Task to carry out: Beginning at the line that contains "If you're using", output each line exactly through the end of the records, and drop any pictures.

Source records:
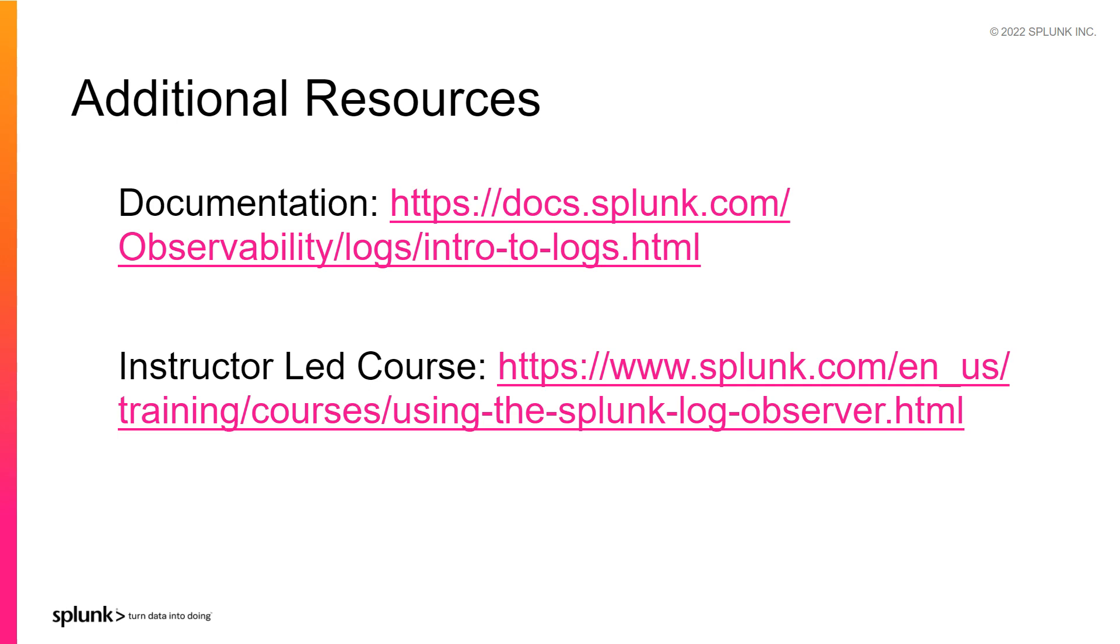For a full list of all Log Observer features, visit Splunk documentation at docs.splunk.com. If you want to take a deeper dive and get hands-on practice with Log Observer, enroll in the instructor-led course using Splunk Log Observer.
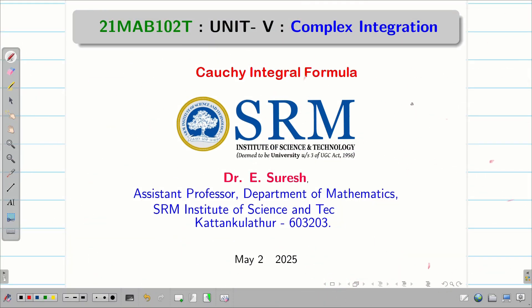Dear students, welcome to the problem solving session on Cauchy integral formula. In this session we are going to deal with a few problems on Cauchy integral formula as well as Cauchy integral theorem.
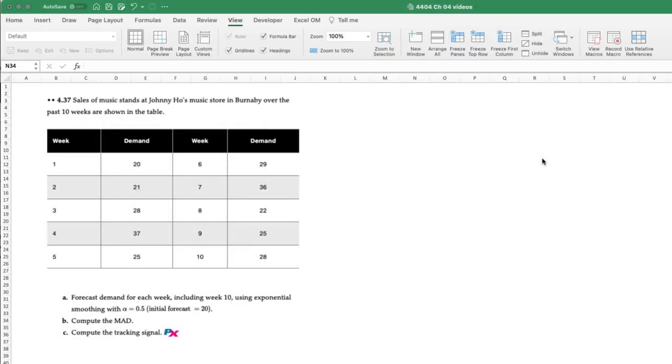Hello there. In this video we'll illustrate how to use XLOM to create an exponentially smooth forecast complete with error analysis and introduce you to how to determine and plot the tracking signal.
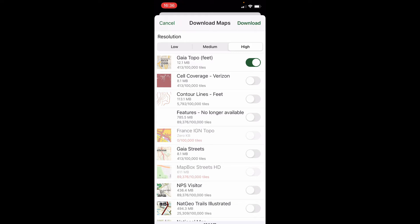It toggles automatically to whatever your active layer is — in this case, the Gaia Topo layer. You could toggle other layers too if you wanted them, though I think that's a premium-only option, and with the basic version you can only select one at a time. I would recommend going with high resolution if you're going to zoom in and look at anything in more detail. The low resolution is pretty low — not that great. I generally skip medium and just go straight to high. Then you pick and choose based on the layers you have available on your app, and hit Download.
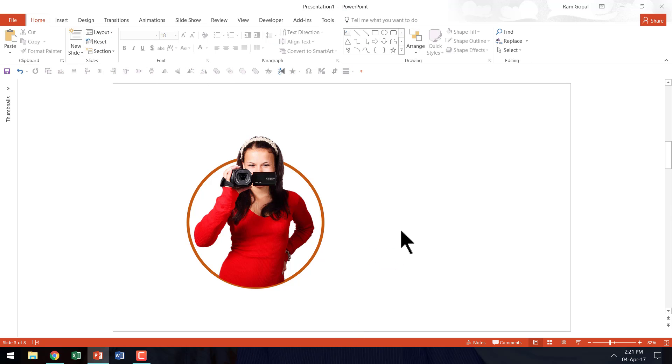So that is how you create this beautiful picture effect and it's very easy to create. I highly recommend that you try it in your next presentation.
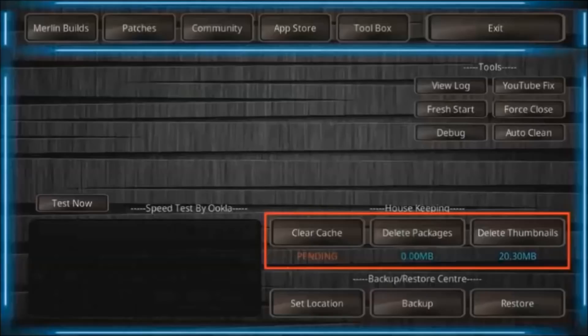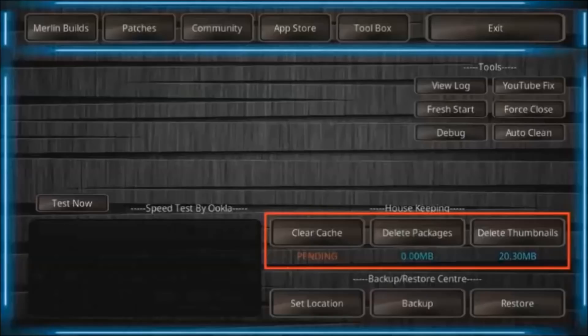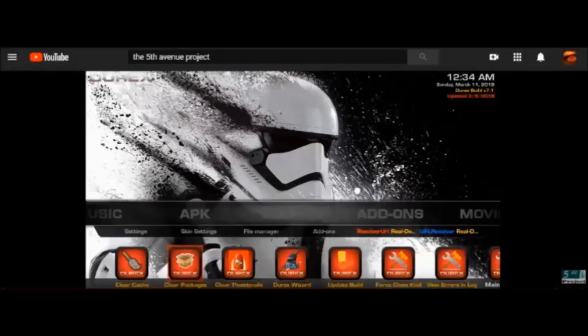If you're using something like the Durex build or the Kodi No Limits build, those are pre-configured custom builds where everything is set up for you. You can set up automatic maintenance with these builds so you don't have to manually clear cache or delete packages. Every time you open your Kodi build it takes care of maintenance for you. If you're interested in Kodi builds with these options, check the link in the description. A lot of times it's about the settings and doing proper maintenance.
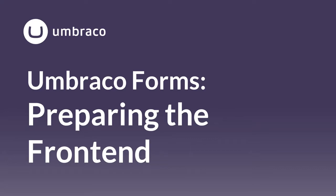There is some preparation involved before your forms can be displayed properly on your website. We need to load in some client dependencies and scripts. My name is Sophie, and in this video I'll show you how to prepare your frontend for your Umbraco forms.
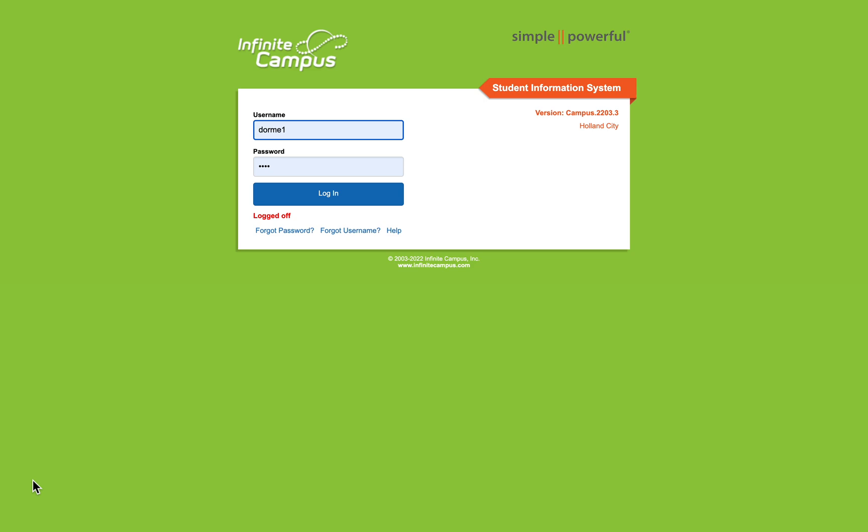Hey everybody, I just wanted to show you a quick easy way to print off some labels using your rosters on Infinite Campus. If you know this, awesome. If you don't, it's a little shortcut for you, so it'll save you some time writing out addresses for your kiddos.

Answer to the problem:
If you're using something like the Durex build or the Kodi No Limits build, those are pre-configured custom builds where everything is set up for you. You can set up automatic maintenance with these builds so you don't have to manually clear cache or delete packages. Every time you open your Kodi build it takes care of maintenance for you. If you're interested in Kodi builds with these options, check the link in the description. A lot of times it's about the settings and doing proper maintenance.
There is some preparation involved before your forms can be displayed properly on your website. We need to load in some client dependencies and scripts. My name is Sophie, and in this video I'll show you how to prepare your frontend for your Umbraco forms.
Hey everybody, I just wanted to show you a quick easy way to print off some labels using your rosters on Infinite Campus. If you know this, awesome. If you don't, it's a little shortcut for you, so it'll save you some time writing out addresses for your kiddos.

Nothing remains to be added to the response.